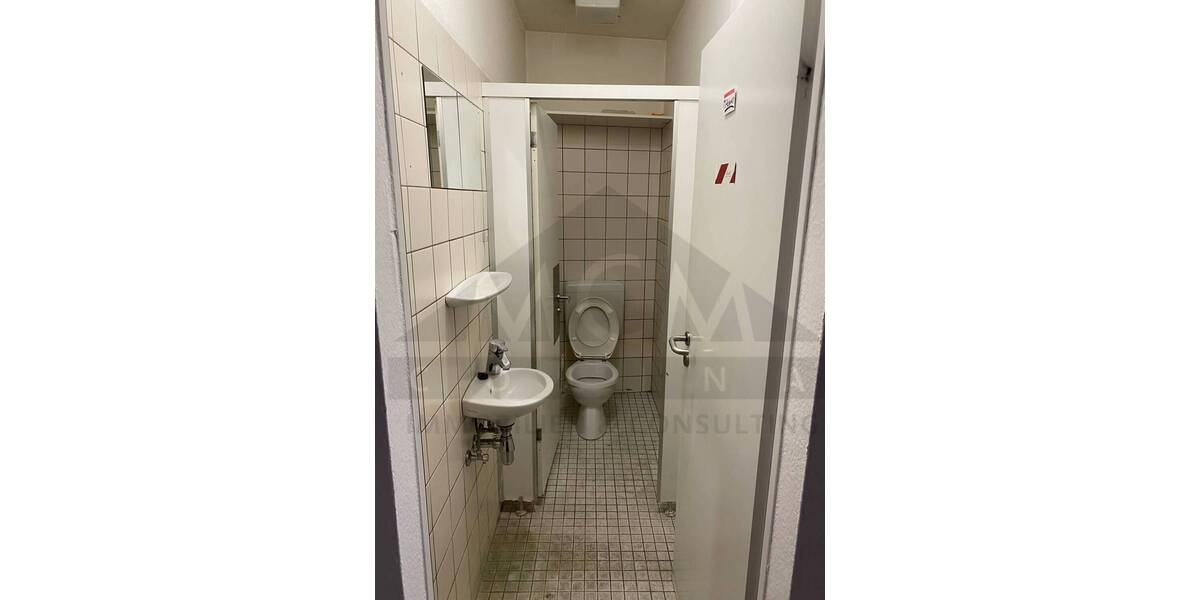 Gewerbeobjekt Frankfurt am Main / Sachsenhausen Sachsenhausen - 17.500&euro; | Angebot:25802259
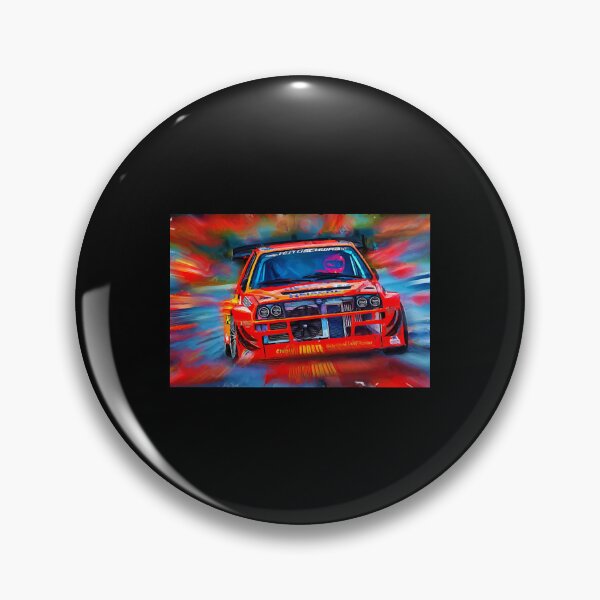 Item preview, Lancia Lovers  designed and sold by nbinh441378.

==

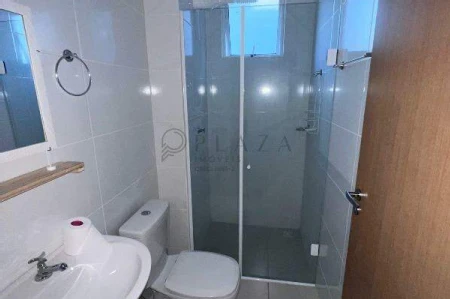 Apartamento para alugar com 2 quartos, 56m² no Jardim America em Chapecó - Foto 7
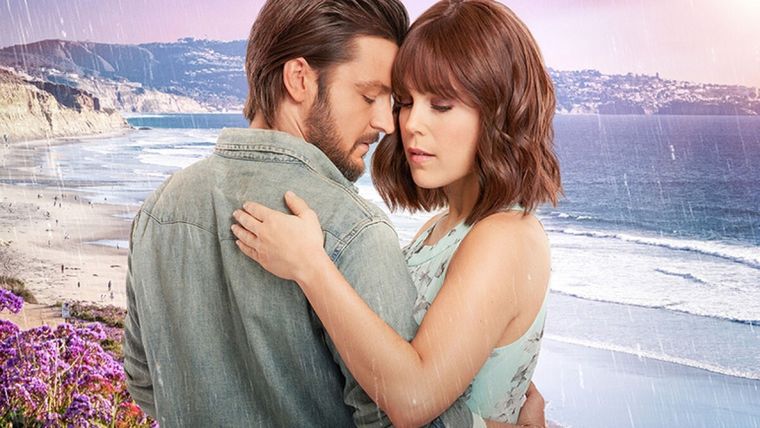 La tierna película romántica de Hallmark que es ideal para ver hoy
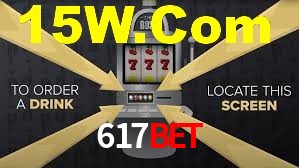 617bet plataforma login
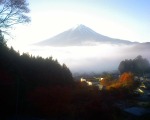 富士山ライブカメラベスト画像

- **Exercise objective**
What belongs in the answer is each line above from the line with "La tierna película" to the line with "富士山ライブカメラベスト画像", inclusive, reproduced exactly and free of pictures.

- **Response for this exercise**
 La tierna película romántica de Hallmark que es ideal para ver hoy
 617bet plataforma login
 富士山ライブカメラベスト画像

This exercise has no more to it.